## Your task
The answer must consist of each line of the records below that contains the string "image".
Data listing START
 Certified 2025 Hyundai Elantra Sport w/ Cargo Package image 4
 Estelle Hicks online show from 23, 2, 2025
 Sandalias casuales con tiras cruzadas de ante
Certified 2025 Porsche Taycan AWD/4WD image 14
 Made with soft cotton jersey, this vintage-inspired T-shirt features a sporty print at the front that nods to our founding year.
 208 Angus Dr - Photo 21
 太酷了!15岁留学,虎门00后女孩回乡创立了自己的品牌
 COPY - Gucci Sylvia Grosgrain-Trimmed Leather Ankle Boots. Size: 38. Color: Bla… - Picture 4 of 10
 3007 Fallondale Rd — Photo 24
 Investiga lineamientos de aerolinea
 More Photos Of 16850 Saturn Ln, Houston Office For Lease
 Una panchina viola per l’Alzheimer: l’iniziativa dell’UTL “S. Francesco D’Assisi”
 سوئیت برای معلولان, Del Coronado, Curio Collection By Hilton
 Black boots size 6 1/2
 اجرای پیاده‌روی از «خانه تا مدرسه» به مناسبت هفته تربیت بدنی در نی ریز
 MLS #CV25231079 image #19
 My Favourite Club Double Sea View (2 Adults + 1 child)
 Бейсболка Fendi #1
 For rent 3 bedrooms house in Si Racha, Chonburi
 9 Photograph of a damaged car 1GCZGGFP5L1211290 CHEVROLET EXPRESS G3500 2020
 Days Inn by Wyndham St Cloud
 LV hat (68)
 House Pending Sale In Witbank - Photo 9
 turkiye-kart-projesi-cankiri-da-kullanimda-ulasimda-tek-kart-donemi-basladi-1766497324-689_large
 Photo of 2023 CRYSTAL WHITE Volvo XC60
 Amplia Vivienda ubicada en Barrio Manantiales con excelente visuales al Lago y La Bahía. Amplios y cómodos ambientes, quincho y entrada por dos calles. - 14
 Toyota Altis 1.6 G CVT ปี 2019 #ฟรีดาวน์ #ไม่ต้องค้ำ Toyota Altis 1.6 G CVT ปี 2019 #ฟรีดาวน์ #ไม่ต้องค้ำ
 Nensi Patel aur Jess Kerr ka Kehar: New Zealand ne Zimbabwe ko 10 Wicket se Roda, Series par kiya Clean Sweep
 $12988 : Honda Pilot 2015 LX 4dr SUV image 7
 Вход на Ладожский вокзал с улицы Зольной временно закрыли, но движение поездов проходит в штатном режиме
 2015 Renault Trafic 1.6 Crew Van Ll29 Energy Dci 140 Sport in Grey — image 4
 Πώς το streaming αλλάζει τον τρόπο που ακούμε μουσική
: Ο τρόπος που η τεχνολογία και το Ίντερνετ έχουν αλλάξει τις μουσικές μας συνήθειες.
Data listing END
## Answer below
 Certified 2025 Hyundai Elantra Sport w/ Cargo Package image 4
Certified 2025 Porsche Taycan AWD/4WD image 14
 MLS #CV25231079 image #19
 $12988 : Honda Pilot 2015 LX 4dr SUV image 7
 2015 Renault Trafic 1.6 Crew Van Ll29 Energy Dci 140 Sport in Grey — image 4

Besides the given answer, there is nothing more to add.